Für klassische Werkstattarbeiten, Reparaturen und Handanwendungen bietet Wir Handgewindebohrer und Schneideisen aus HSS-G. Wenn die Anwendung anspruchsvoller wird, kommen leistungsfähigere Werkstoffe ins Spiel.
HSSE eignet sich für zähere Werkstoffe und höhere thermische Belastungen. HSSE-PM kommt dort zum Einsatz, wo hohe Standzeiten, gleichmäßige Ergebnisse und Prozesssicherheit besonders wichtig sind, zum Beispiel bei Maschinengewindebohrern wie GRÜNRING oder ROTRING.
So entsteht aus der Werkstoffauswahl ein praktischer Vorteil: Das Werkzeug passt besser zur Anwendung, läuft sauberer und unterstützt ein zuverlässiges Gewindeergebnis.
Fazit: Der richtige Werkzeugwerkstoff hängt von der Anwendung ab
HSS, HSS-G, HSSE, HSSE-V3 und HSSE-PM unterscheiden sich nicht nur im Namen. Hinter jeder Bezeichnung steckt eine Eigenschaft, die beim Gewindeschneiden wichtig werden kann.
HSS und HSS-G sind robuste Allrounder für Standardgewinde, Handarbeit und Reparaturen. HSSE bringt mehr Wärmebeständigkeit und Verschleißfestigkeit mit. HSSE-V3 ist stärker auf Härte und Standzeit ausgelegt. HSSE-PM eignet sich besonders für anspruchsvolle Anwendungen und hohe Prozesssicherheit.
Am Ende zählt deshalb nicht die Frage: Welcher Werkstoff ist der beste?
Die bessere Frage lautet: Welcher Werkzeugwerkstoff passt zu meinem Material, meiner Anwendung und meinem Gewinde?
Denn sauberes Gewindeschneiden beginnt nicht erst beim Ansetzen des Werkzeugs. Es beginnt schon bei der richtigen Auswahl.
FAQ zu HSS, HSSE und HSSE-PM
Was bedeutet HSS?
HSS steht für High Speed Steel, also Schnellarbeitsstahl. Der Werkstoff wird häufig für Gewindebohrer, Schneideisen, Bohrer und Fräser verwendet.

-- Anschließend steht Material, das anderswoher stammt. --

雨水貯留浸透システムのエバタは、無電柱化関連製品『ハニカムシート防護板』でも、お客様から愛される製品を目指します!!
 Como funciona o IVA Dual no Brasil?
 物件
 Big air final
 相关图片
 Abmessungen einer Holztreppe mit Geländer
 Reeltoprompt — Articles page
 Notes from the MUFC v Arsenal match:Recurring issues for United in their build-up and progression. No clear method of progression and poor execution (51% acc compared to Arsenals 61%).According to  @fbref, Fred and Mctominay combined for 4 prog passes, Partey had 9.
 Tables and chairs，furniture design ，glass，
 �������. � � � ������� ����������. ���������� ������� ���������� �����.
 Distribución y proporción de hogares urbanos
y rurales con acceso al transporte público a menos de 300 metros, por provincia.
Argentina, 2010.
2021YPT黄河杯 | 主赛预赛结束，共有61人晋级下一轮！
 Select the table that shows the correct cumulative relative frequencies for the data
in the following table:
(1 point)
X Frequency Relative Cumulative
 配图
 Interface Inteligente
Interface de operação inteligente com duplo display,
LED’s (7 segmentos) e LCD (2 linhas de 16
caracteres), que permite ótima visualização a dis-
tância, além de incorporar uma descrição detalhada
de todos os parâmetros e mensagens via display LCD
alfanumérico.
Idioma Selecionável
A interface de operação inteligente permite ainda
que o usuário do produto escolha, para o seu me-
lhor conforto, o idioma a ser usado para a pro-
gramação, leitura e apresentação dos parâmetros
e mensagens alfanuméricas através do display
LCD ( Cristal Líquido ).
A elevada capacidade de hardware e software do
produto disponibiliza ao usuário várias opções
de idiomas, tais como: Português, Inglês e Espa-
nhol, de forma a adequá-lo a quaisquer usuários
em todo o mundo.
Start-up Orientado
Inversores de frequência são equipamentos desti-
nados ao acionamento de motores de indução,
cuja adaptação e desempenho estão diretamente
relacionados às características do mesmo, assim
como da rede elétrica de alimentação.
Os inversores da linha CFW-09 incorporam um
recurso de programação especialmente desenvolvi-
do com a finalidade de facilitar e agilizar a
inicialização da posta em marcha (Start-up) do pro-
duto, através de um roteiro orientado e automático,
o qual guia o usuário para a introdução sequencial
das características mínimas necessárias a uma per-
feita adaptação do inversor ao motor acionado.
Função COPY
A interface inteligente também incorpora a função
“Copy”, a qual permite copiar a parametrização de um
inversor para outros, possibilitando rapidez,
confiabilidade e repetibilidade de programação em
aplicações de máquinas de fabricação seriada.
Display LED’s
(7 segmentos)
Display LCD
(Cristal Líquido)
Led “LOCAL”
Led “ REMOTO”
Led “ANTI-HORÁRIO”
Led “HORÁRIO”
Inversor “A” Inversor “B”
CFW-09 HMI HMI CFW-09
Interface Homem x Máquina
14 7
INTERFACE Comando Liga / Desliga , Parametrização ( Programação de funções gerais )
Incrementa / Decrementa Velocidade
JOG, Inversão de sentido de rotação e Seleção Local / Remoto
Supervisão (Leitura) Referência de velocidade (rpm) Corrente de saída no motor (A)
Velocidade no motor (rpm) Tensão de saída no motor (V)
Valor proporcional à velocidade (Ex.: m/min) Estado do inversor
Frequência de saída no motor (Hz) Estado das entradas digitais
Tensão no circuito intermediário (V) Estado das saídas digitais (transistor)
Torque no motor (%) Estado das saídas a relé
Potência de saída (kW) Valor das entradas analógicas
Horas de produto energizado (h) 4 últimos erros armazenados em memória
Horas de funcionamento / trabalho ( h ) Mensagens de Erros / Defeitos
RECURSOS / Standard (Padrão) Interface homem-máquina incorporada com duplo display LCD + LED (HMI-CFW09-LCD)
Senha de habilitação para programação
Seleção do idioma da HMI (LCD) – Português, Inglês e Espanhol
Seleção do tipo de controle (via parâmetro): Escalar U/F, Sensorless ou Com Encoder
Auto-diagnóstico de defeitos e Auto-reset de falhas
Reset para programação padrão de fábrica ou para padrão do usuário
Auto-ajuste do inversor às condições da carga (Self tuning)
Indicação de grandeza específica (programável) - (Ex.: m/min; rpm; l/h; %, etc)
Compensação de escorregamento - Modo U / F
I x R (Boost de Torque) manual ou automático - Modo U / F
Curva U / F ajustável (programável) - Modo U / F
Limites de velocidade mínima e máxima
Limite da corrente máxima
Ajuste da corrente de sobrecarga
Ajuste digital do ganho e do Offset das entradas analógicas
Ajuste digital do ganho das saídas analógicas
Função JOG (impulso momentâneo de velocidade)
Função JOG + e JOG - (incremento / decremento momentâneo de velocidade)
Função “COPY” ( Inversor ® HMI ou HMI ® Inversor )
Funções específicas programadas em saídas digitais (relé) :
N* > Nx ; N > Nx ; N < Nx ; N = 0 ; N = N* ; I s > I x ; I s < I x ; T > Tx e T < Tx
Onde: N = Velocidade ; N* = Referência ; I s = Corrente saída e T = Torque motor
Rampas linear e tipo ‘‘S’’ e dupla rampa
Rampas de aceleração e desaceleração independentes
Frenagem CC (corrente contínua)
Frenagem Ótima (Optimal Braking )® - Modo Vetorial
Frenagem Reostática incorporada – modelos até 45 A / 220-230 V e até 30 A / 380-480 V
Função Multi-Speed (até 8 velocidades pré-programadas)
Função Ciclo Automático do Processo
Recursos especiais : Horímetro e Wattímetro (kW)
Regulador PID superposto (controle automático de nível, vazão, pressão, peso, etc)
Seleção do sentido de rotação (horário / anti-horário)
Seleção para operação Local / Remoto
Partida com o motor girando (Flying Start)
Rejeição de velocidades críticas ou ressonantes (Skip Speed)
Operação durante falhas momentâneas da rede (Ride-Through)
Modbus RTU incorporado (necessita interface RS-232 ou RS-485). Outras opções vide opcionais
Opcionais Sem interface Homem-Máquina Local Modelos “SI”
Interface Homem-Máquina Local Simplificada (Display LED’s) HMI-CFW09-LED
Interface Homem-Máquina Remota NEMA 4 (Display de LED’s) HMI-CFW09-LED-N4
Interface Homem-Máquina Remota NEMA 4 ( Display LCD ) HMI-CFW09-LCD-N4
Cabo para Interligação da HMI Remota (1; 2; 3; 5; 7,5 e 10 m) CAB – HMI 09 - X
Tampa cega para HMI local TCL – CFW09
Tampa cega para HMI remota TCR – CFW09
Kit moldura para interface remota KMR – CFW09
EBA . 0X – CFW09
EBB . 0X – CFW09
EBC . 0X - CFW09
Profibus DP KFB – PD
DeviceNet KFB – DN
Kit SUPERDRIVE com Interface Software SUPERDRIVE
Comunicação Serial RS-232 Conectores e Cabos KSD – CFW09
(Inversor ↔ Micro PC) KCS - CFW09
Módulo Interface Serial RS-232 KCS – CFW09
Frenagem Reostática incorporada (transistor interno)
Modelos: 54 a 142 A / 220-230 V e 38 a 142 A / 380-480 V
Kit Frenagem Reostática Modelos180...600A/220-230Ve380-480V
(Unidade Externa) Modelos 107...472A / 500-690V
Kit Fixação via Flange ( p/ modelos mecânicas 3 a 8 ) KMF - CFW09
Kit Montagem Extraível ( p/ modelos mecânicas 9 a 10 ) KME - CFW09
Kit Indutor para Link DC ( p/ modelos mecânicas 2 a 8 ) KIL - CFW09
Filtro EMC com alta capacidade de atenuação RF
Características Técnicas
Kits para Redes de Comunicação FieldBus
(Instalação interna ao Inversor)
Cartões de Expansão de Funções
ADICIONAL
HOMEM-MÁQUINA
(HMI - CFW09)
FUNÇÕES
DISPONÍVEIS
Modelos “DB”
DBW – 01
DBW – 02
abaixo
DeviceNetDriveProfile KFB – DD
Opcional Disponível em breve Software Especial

Was ist der Unterschied zwischen HSS und HSS-G?
HSS beschreibt den Werkstoff Schnellarbeitsstahl. HSS-G beschreibt zusätzlich, dass das Werkzeug geschliffen ist.
Was bedeutet HSSE?
HSSE ist ein kobaltlegierter Schnellarbeitsstahl. Er ist wärmebeständiger und verschleißfester als klassischer HSS.
Wann brauche ich HSSE-PM?
HSSE-PM ist sinnvoll, wenn hohe Prozesssicherheit, längere Standzeiten und anspruchsvolle Werkstoffe im Vordergrund stehen.
Ist HSSE-PM immer besser als HSS?
Nein. Für Standardgewinde, Reparaturen und Handarbeit kann HSS-G völlig ausreichend und oft wirtschaftlicher sein.